Sus ojos se abrieron con sorpresa al ver el dibujo en la esquina: un corazón anatómicamente correcto, con cada vena, aurícula y ventrículo delineados a la perfección. Una extraña oleada de nervios, mezclada con una profunda ternura, la invadió. Nunca nadie le había regalado algo parecido, y mucho menos con un detalle tan peculiar. «¿Acaso es dibujante?», se preguntó.

​Levantó la vista hacia Dylan, sosteniendo el sobre entre sus manos.

​—¿Esto es...?

​Dylan desvió la mirada hacia la ventana, sintiendo de inmediato que había sido una idea terrible. Se maldijo internamente por ser tan infantil; seguramente ella ahora lo miraba con lástima. Haciendo un esfuerzo monumental por mantener la compostura y fingir una seguridad que no tenía, se obligó a volver a mirarla y sonrió levemente.

​—Es una carta para ti. Cuando tengas un tiempo... léela, por favor, y me dices qué opinas.

​Zoe asintió, pero la curiosidad pudo más que ella. Con cuidado, rompió el sello del sobre y desdobló la hoja bajo la mirada fija y horrorizada de Dylan, quien sentía que se le iba la vida en cada segundo. Ella comenzó a leer en silencio. Dylan la observaba fijamente, notando cómo sus ojos iban de izquierda a derecha, regresando a veces para releer algunas líneas de la confesión.

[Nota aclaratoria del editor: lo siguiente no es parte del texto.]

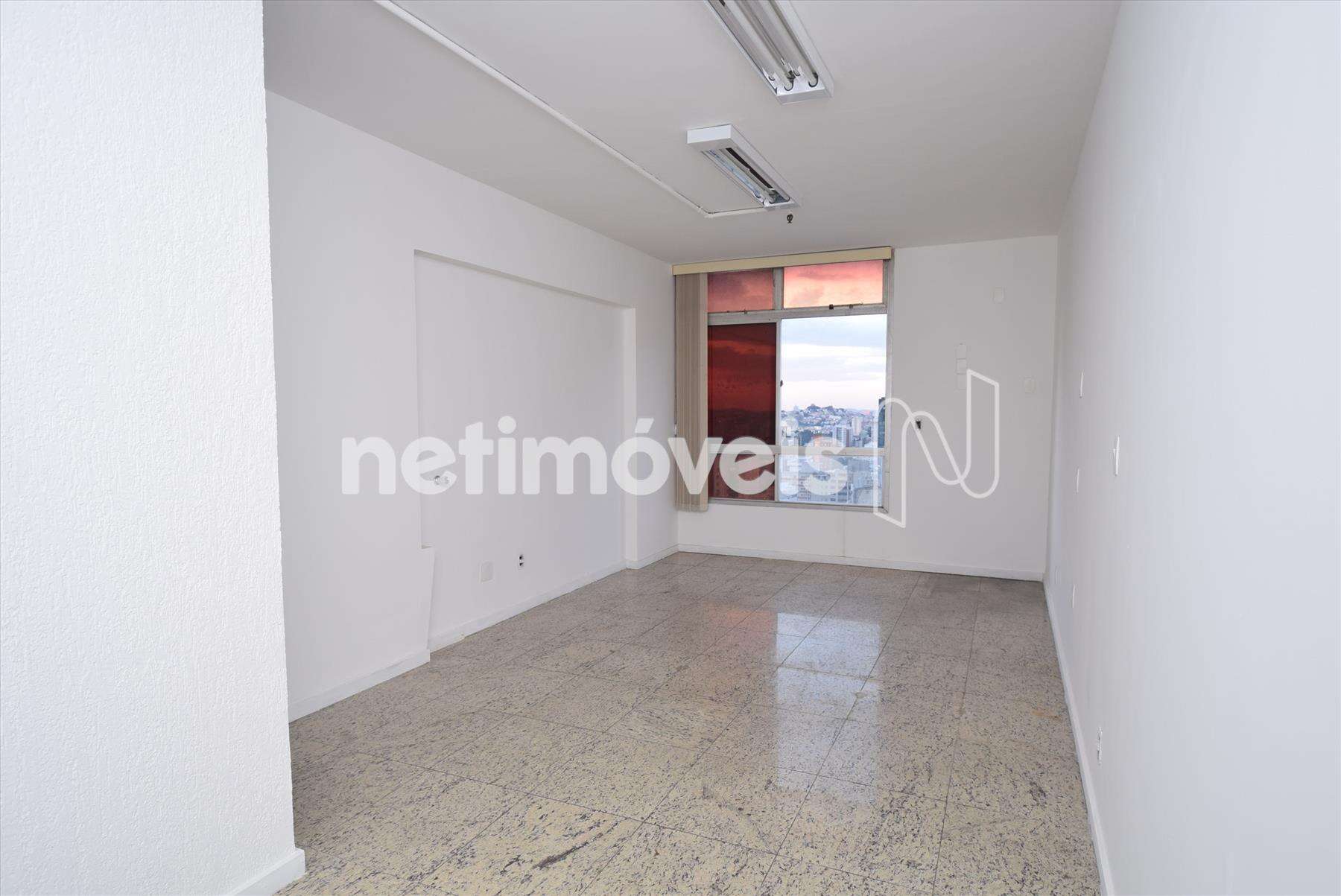Sala com piso em granito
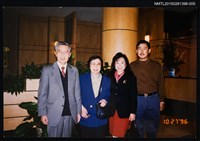 相關藏品主要名稱：琦君李唐基/李一楠與他人合照2-5的藏品圖示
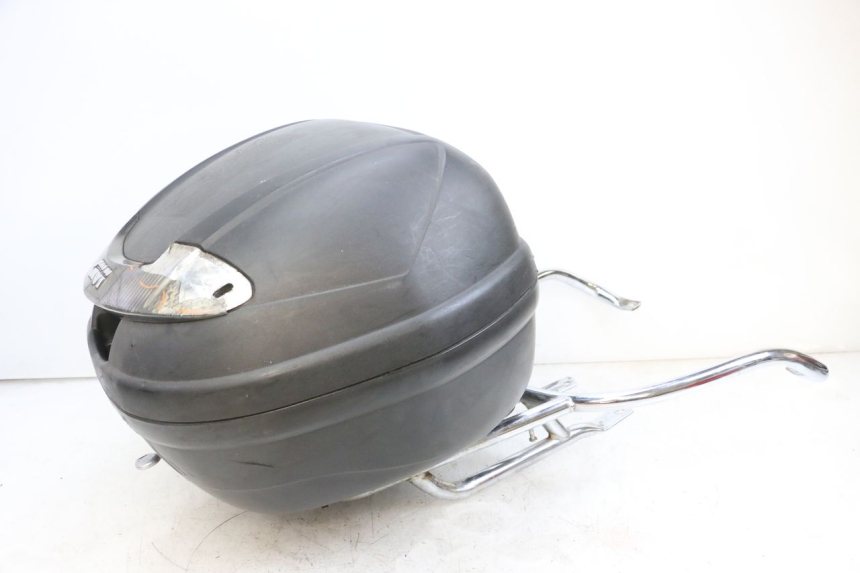 photo de TOP BOX PEUGEOT DJANGO 4T 50 (2014 - 2019) - Zoom on usage condition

​De pronto, Zoe se llevó una mano a la frente y soltó una carcajada fuerte, limpia y sonora que retumbó en las paredes de The Daily Blend.

​Dylan se quedó mudo, sintiendo que el piso se abría bajo sus pies.

​—¡Discúlpame, de verdad, no me estoy burlando de la carta¡ Dijo Zoe entre risas, intentando calmar su risa y recuperar el aire mientras se tapaba la boca. —Es solo que... ¡Dios mío! Todo este tiempo pensé que estabas desempleado. Estaba sumamente nerviosa pensando en cómo ayudarte y cómo ofrecerte el puesto de mesero sin herir tu orgullo.

​Dylan parpadeó, completamente estupefacto. Por instinto, se llevó una mano a la nuca, procesando la tremenda confusión mientras una sonrisa avergonzada pero sumamente aliviada aparecía en su rostro.

​—Ya veo... Comentó con una risa ronca y bajita. —No tenía idea de que proyectaba esa imagen. Definitivamente voy a tener que empezar a preocuparme un poco más por cómo me veo al salir de la guardia. Qué pena...

​Zoe volvió a reír, limpiándose una pequeña lágrima de diversión, mientras miraba al pulcro pero cansado hombre frente a ella. El misterio del "chico de las pantuflas" finalmente se había resuelto de la manera más cálida y divertida posible para ambos.